RECORDS FOR THIS TASK:

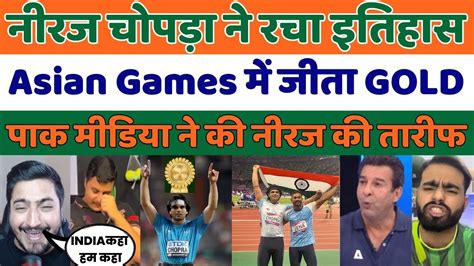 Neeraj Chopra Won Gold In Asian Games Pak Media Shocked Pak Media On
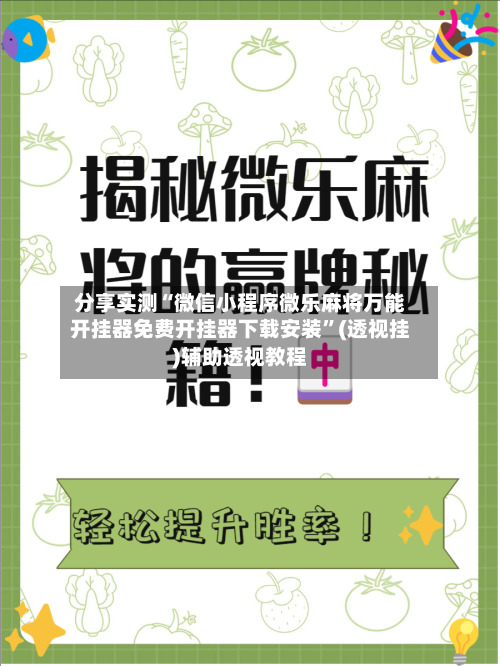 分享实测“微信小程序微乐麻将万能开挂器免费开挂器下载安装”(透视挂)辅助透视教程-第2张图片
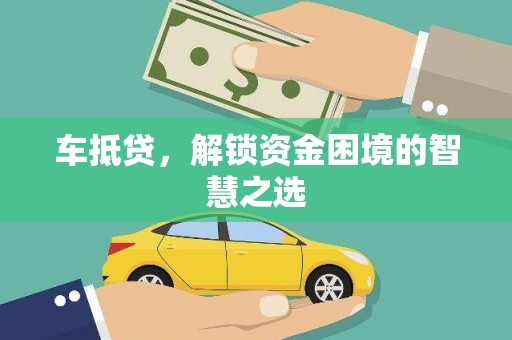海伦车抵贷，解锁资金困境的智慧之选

--

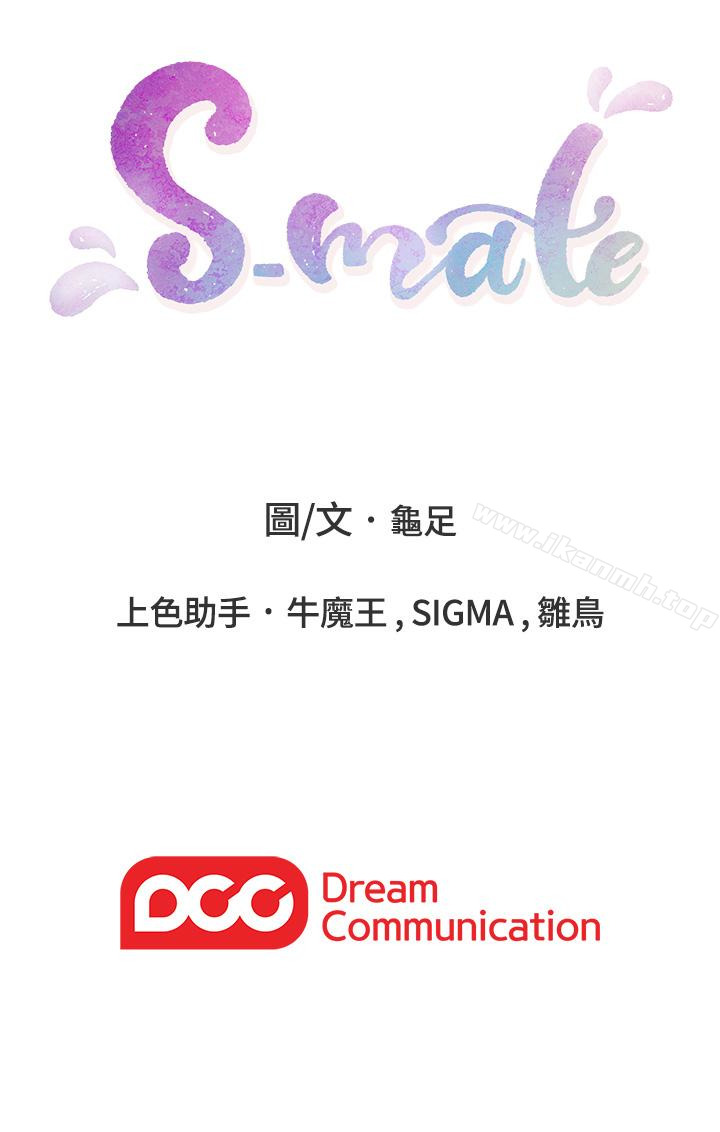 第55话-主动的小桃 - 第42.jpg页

WORK TO COMPLETE:
Leave the pictures out. Output, exactly, the lines of the material above starting at the line containing "Neeraj Chopra Won" and ending at the line containing "海伦车抵贷，解锁资金困境的智慧之选".

EXERCISE ANSWER:
 Neeraj Chopra Won Gold In Asian Games Pak Media Shocked Pak Media On
 分享实测“微信小程序微乐麻将万能开挂器免费开挂器下载安装”(透视挂)辅助透视教程-第2张图片
海伦车抵贷，解锁资金困境的智慧之选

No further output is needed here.